データの永続化についての技術革新が進んでいる。ITアーキテクトには既存の常識にこだわらない技術選択が求められている。

 従来の常識では、ICTシステムに関わるソフトウエアやデータはストレージ上に保持され、コンピュータのメモリー上に展開して処理されるというものだった。この動作は「低速だが不揮発性のストレージ」「高速でありリフレッシュで一時的に記憶を保持できるメモリー」という両者の特性を引き出した使い分けと言える。

 現在、リフレッシュに使う電力や熱の問題を解決しようと、メモリー系の新たな動きも出てきており、ストレージとメモリーという記憶技術の境は曖昧になってきている。ストレージ技術をいかに上手く使うか、整理していこう。

クラウドにも広がる「記録」ディスク

 まずアプリケーションから見た「記録」の格納場所を整理する。

 記録の格納場所は大きく、ファイルシステム系やSQL系、NoSQL系、オブジェクト系がある。
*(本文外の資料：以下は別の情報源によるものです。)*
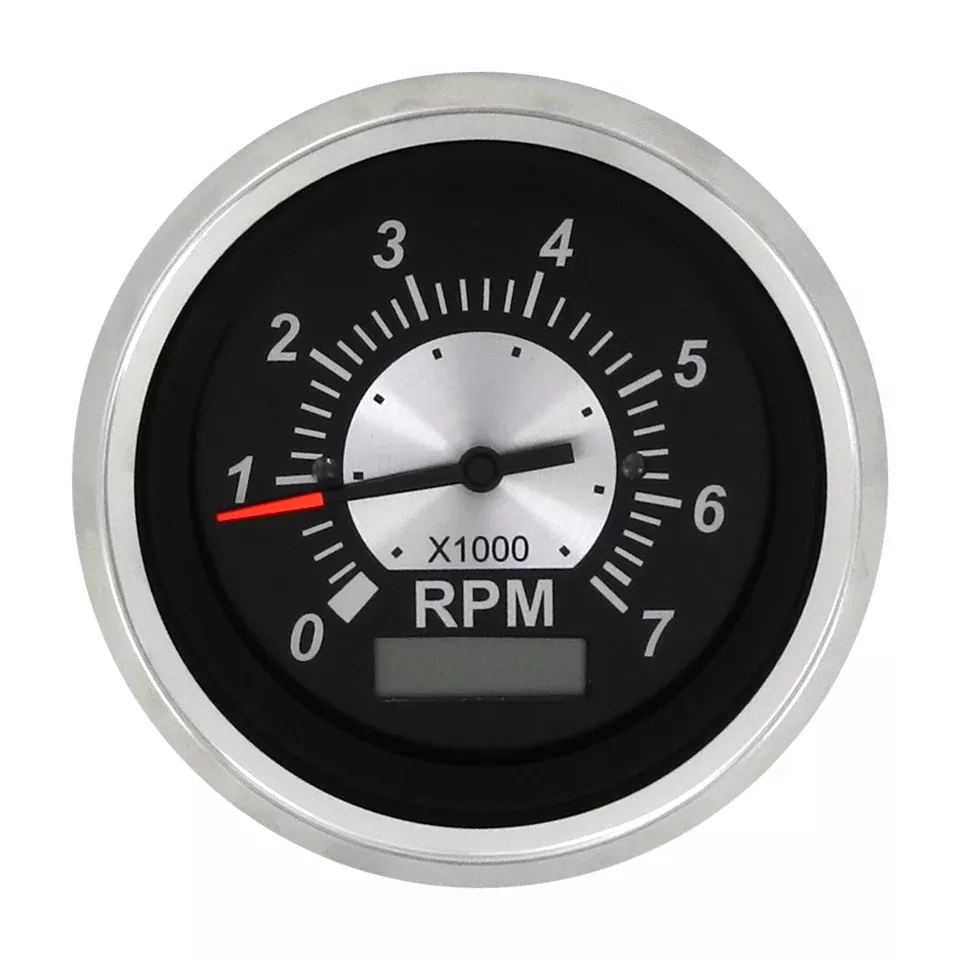 Sierra Black Sterling Series Tachometer/LCD Hourmeter Gauge• 67364P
それらを支えているのは、「データをどこに読み書きするか」という物理的な位置に基づく「ブロックデバイス」と、その上で「どこに何というファイルがどんな大きさで書かれているか」を管理する「ファイルシステム」である。

 ファイルシステムはWindows系では「NTFS」であり、Linux系ではext3と呼ばれている。機能を高めたファイルシステムには、突然の電源断(ダーティーシャットダウン)時に管理簿(ファイルの大きさや書き込み位置)と実体(書き込み済みデータ)との間の不整合を最小限にするジャーナリング機能や、ソフトウエアによってデータ冗長性を高めたRAID(Redundant Arrays of Inexpensive Disks)である「ミラーリング」、「レプリケーション」などの機能がある。
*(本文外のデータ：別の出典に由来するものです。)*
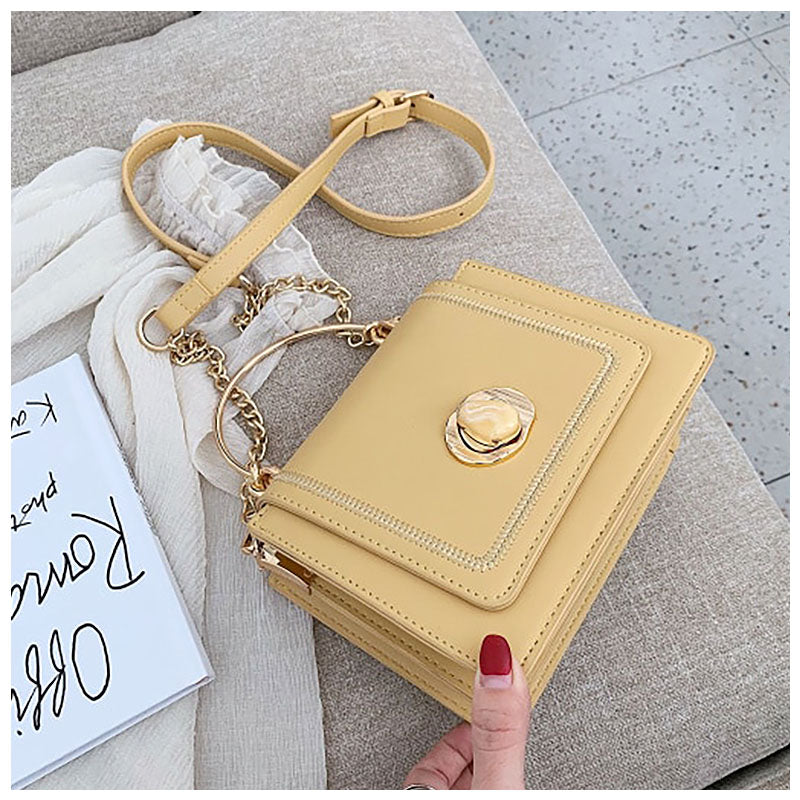 NOUVEAU RICHE Elegante Handtasche Aus Hochwertigem Veganem Leder Mit Weichem Innenfutter Und Goldfarbenen Metallteilen Gelb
 SQL系での「記録」は、以前はRDBMS(Relational DataBase Management Sysrem)ソフトごとに独自のファイルシステムをブロックデバイス上に構築していた。最近はファイルキャッシュを経由しない同期I/OなどをOSがサポートし始めた技術進展に伴って、通常のOSコマンドでハンドリングしやすい一般的なファイルシステム上に、データベースのテーブルやログを配置するケースが主流となった。